» Collected material:
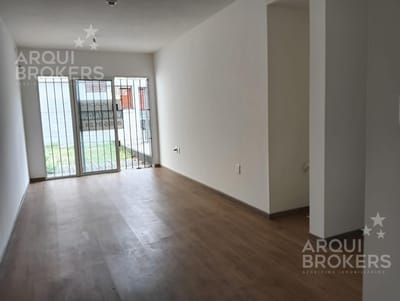 Apartamento monoambiente en venta con garaje incluído en Aguada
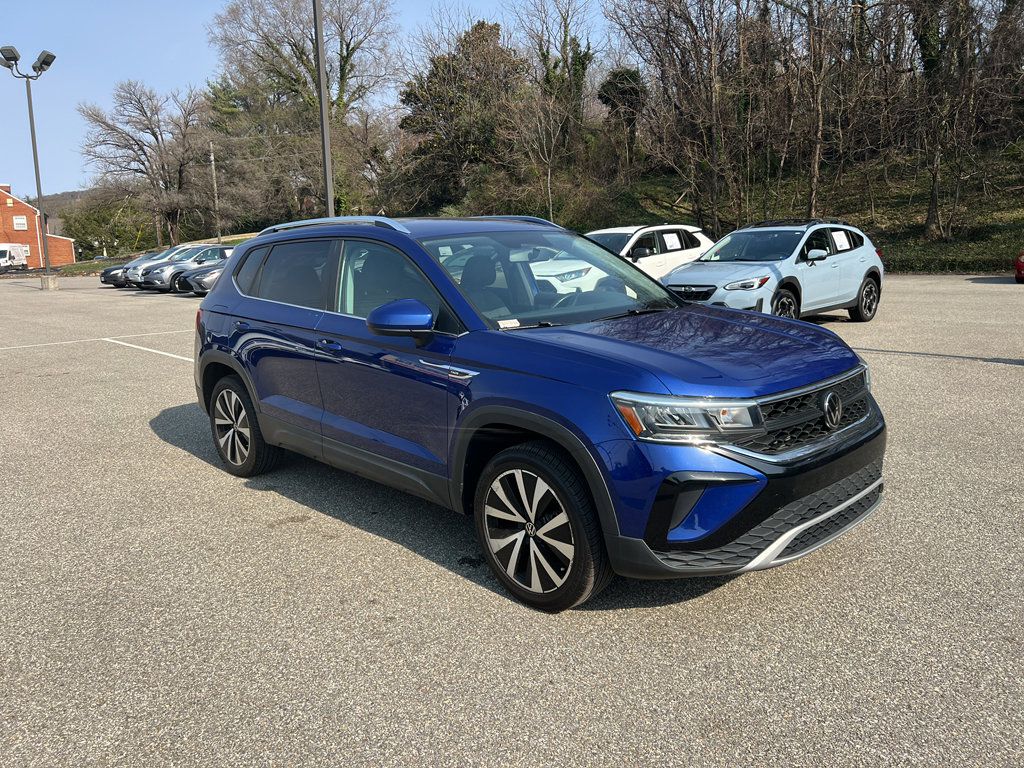 Used 2022 Volkswagen Taos SE image 3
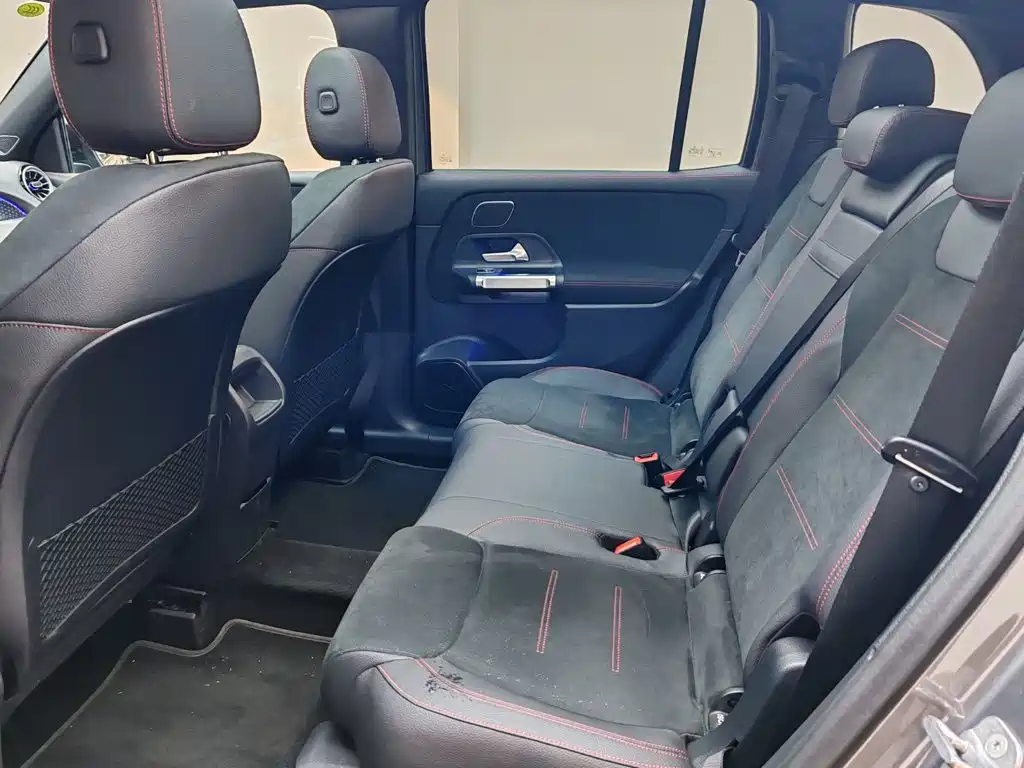 Mercedes-Benz GLB AMG — миниатюра 10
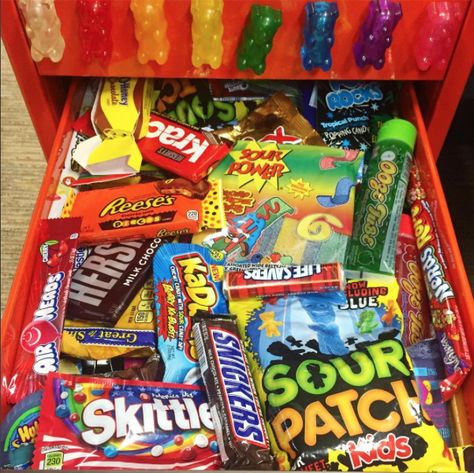 snack drawer goals Candy Storage Ideas, Snack Drawer, Sleepover Snacks, Snack Station, Snack Organizer, Birthday Donuts, Diy Room Decor For Teens, Soul Food Dinner, Macaroon Recipes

» Assignment: Pictures do not go in the copy. Write out exactly the lines from the line containing "Used 2022 Volkswagen Taos SE image 3" through the last line of the listing.

» Response to this task:
 Used 2022 Volkswagen Taos SE image 3
 Mercedes-Benz GLB AMG — миниатюра 10
 snack drawer goals Candy Storage Ideas, Snack Drawer, Sleepover Snacks, Snack Station, Snack Organizer, Birthday Donuts, Diy Room Decor For Teens, Soul Food Dinner, Macaroon Recipes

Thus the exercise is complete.